Keto Chocolate Fondue with Dippers

  • Heat the Cream: In a small saucepan, warm the heavy cream over medium heat until it just begins to simmer. Do not let it boil.
  • Melt the Chocolate: Remove the saucepan from heat and stir in the sugar-free dark chocolate chips. Continue stirring until the chocolate is fully melted and the mixture is smooth.
  • Add Flavorings: Stir in the butter, vanilla extract, and sweetener of choice. Adjust sweetness to taste.
  • Serve Warm: Pour the chocolate fondue into a small fondue pot or serving bowl. Arrange your keto-friendly dippers—strawberries, keto brownies, nuts—on a platter.

Notes

  • Prep the fondue and cauliflower mash ahead to save time.
  • Keep fondue warm during serving to prevent hardening.
  • Customize dippers based on guest preferences for added variety.

Please note: The recipe or ingredients shown in the video might vary slightly from what’s listed here. Use the video as an illustration, but for the best results, you might want to stick to the recipe provided in this article.

Nutrition

  • Serving Size: 1 serving
  • Calories: 650 Sugar: 4g Sodium: 720mg Fat: 50g Saturated Fat: 20g Unsaturated Fat: 25g Trans Fat: 0g Carbohydrates: 10g Fiber: 5g Protein: 40g Cholesterol: 120mg

Did you make this recipe?

Share a photo and tag us — we can't wait to see what you've made!
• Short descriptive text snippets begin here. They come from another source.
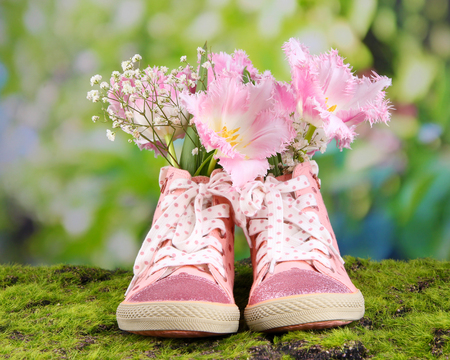 Beautiful gumshoes with flowers inside on green grass, on bright backgroundの写真素材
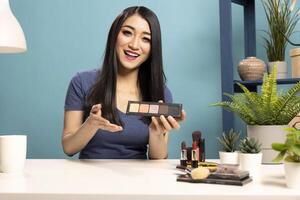 Smiling beauty influencer with eyeshadow palette, recording a cosmetics tutorial, presenting makeup products with a professional setup. Ideal for social media, branding, and digital content marketing. photo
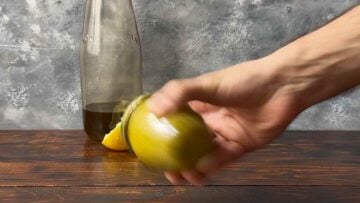 A hand shaking a jar with olive oil and lemon juice.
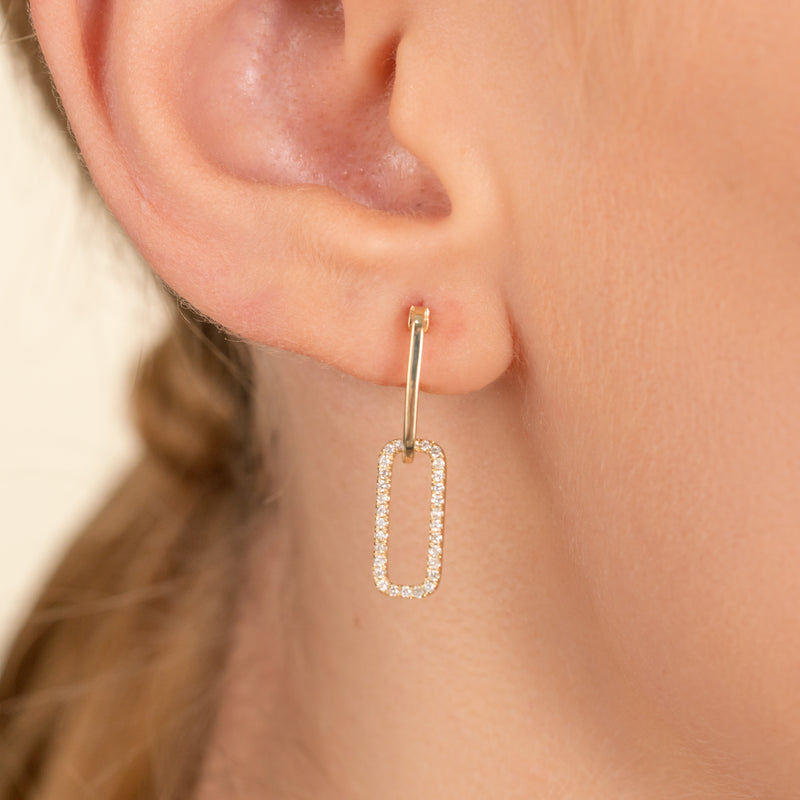 Model wears handmade pair of solid 14k gold hanging chain link earring with lined diamonds
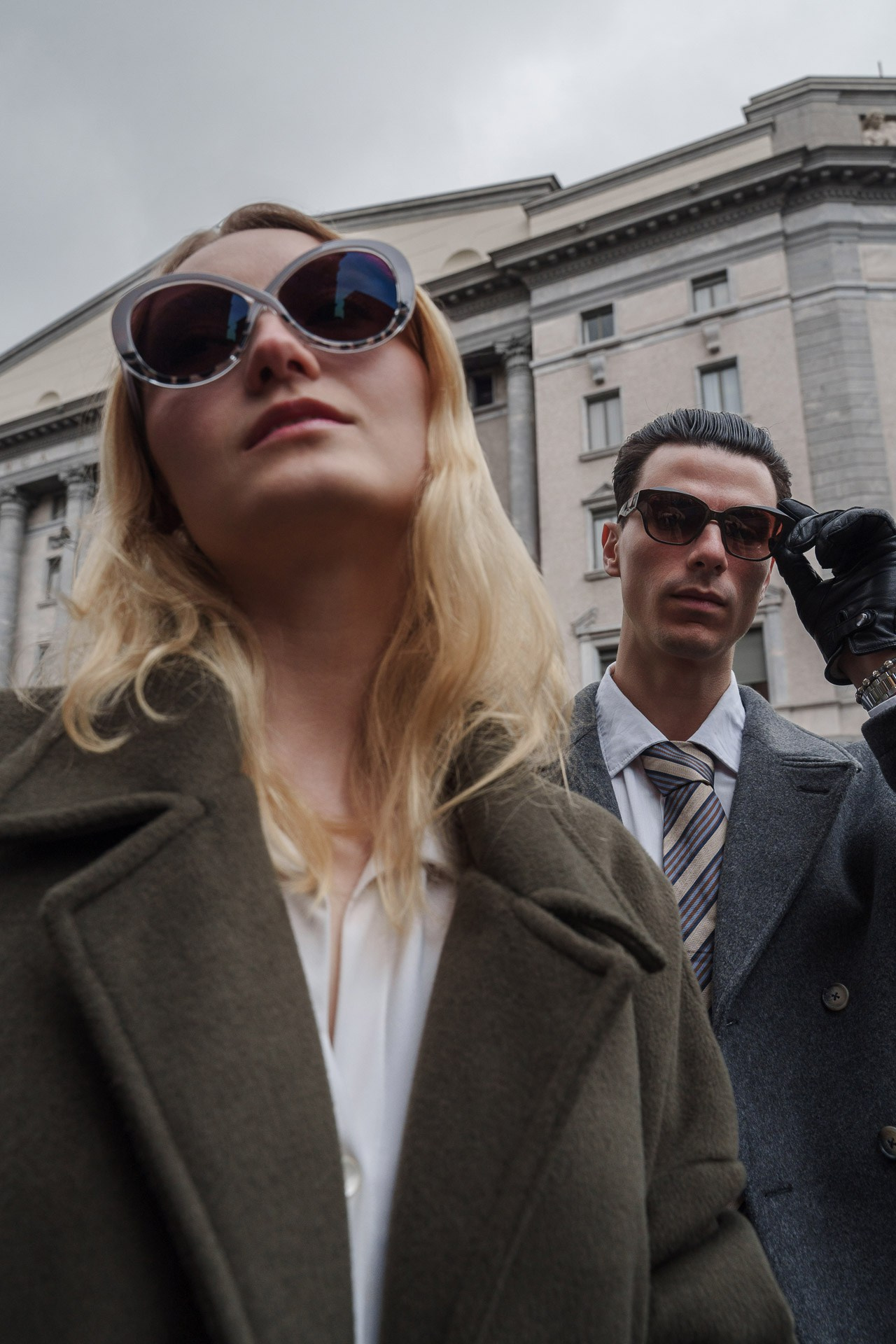 Street style couple portrait in Milan city center, fashion photography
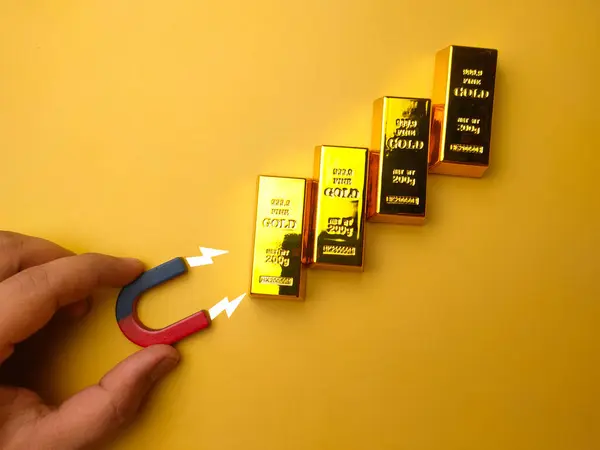 Mão Segurando Ímã Atrair Barra Ouro Fundo Amarelo — Fotografia de Stock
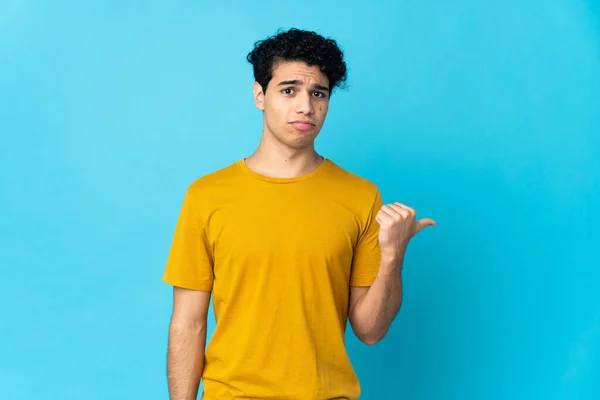 Young Venezuelan Man Isolated Blue Background Unhappy Pointing Side — Stock Photo, Image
Frequently Asked Questions (FAQs)

What wines are keto-friendly for a Christmas dinner?

Dry wines are the best keto-friendly options. For this meal, pair a dry white wine (like Sauvignon Blanc) with the cheese fondue and a bold red wine (like Cabernet Sauvignon or Pinot Noir) with the beef bourguignon. Avoid sweet wines, as they have higher sugar content.

What are some keto-friendly dessert options for Christmas?

Beyond the chocolate fondue, consider sugar-free chocolate truffles, keto cheesecake bites, or almond flour-based cookies. These treats are festive, easy to make, and low in carbs!

Can I prepare a keto Christmas dinner in advance?

Yes! Many components of this Rustic Alpine Feast can be prepared ahead of time. The beef bourguignon tastes even better after a day in the fridge, and you can pre-roast garlic for the cauliflower mash, toast walnuts for sides, and even chop veggies for the fondue and salad the night before.